### Work instruction
Among the entries below, one line contains "In this video" and another contains "You can make". Transcribe those two lines and every line between them, exactly.

### Materials provided
◇ ◇ ◇ ◇ ◇

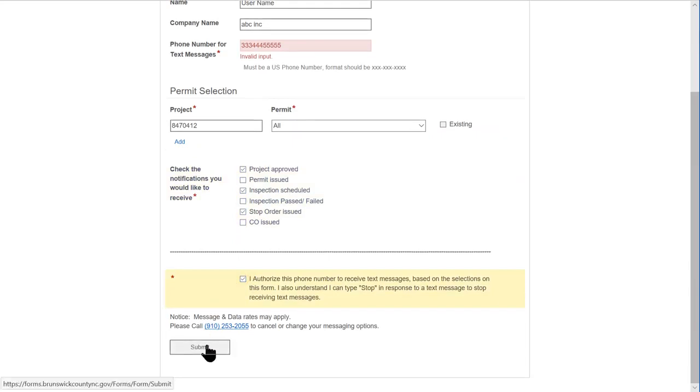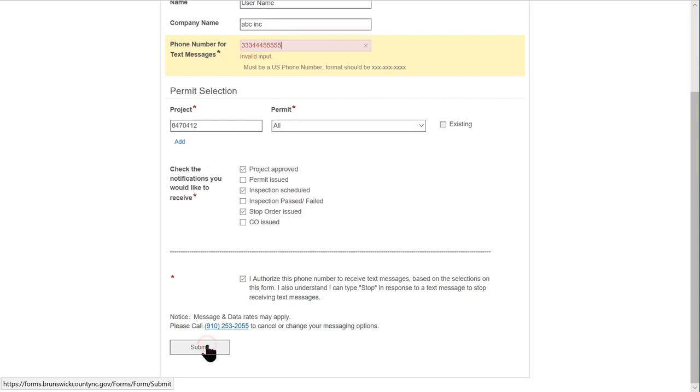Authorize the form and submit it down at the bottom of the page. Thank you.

◇ ◇ ◇ ◇ ◇

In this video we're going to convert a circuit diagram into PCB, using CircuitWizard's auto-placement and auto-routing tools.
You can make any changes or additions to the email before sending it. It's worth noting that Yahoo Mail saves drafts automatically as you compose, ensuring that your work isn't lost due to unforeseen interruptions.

◇ ◇ ◇ ◇ ◇

### Exercise answer
In this video we're going to convert a circuit diagram into PCB, using CircuitWizard's auto-placement and auto-routing tools.
You can make any changes or additions to the email before sending it. It's worth noting that Yahoo Mail saves drafts automatically as you compose, ensuring that your work isn't lost due to unforeseen interruptions.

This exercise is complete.